Today, Pakistan's Musharraf signalled in the clearest possible way that the investigation into Benazir Bhutto's death will be only half an investigation - with the most important questions already answered the way he wants them whether Scotland Yard is involved or not.
President Pervez Musharraf said Thursday that uncertainty remained about the exact cause of Benazir Bhutto's death, despite an initial government report that she was killed when a bomb blast slammed her head into her vehicle.He's so sure of that, despite everything, even before the investigators from the UK arrive? There's been a clean-up operation.
"One should not give a statement that's 100 percent final. That's the flaw that we suffer from," Musharraf said at a news conference, noting that more evidence was emerging about the attack. "We needed more experience, maybe more forensic and technical experience that our people don't have. Therefore I thought Scotland Yard may be more helpful."
Musharraf said he also reached out to British investigators for assistance to dispel accusations that Pakistan's military or intelligence services were involved.
"We don't mind going to any extent, as nobody is involved from the government or agency side," he said.
...He conceded there were shortcomings in Pakistan's handling of the case, including the hosing down of the bomb site hours after the attack, widely seen as undermining a detailed forensic examination. But he dismissed any suggestion there was a plan to conceal evidence.
"I'm not fully satisfied. I will accept that: cleaning the area. Why did they do that? If you are meaning they did that by design I would not say no. It's just inefficiency, people thinking things have to be cleared, traffic has to go through," he said.

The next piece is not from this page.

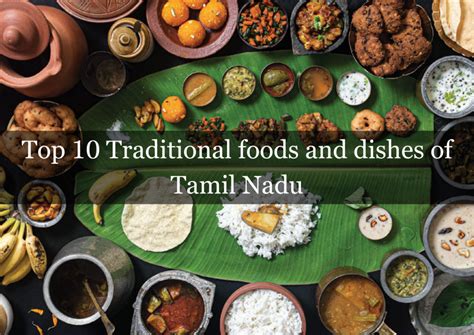 Top Famous Traditional Food Of Tamil Nadu Traditional Dishes Of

The question of who ordered Bhutto's death, then, is already settled in Musharraf's view and the narrative on that will not be questioned by subsequent investigations. Taliban leader Baitullah Mehsud is to be blamed, despite his denying involvement and himself calling for a UN investigation, despite US intelligence misgivings about Pakistan's claims, despite obvious questions about regime complicity raised by Bhutto herself before her death and by others all along.
Instead, investigations will focus on the question of exactly how Bhutto died during an assassination attempt which succeeded in killing its target - a spurious distraction entirely manufactured by the Pakistani regime to distract from the more important questions that will now be swept under the carpet.
And the elections will be delayed by six weeks, despite both main opposition parties calling for them to go ahead as planned. The delay benefits Musharraf's proxies and supporters most - which is quite possibly the point of the whole exercise. Musharraf's supporters in the West would hardly have swallowed such a delay for any lesser reason.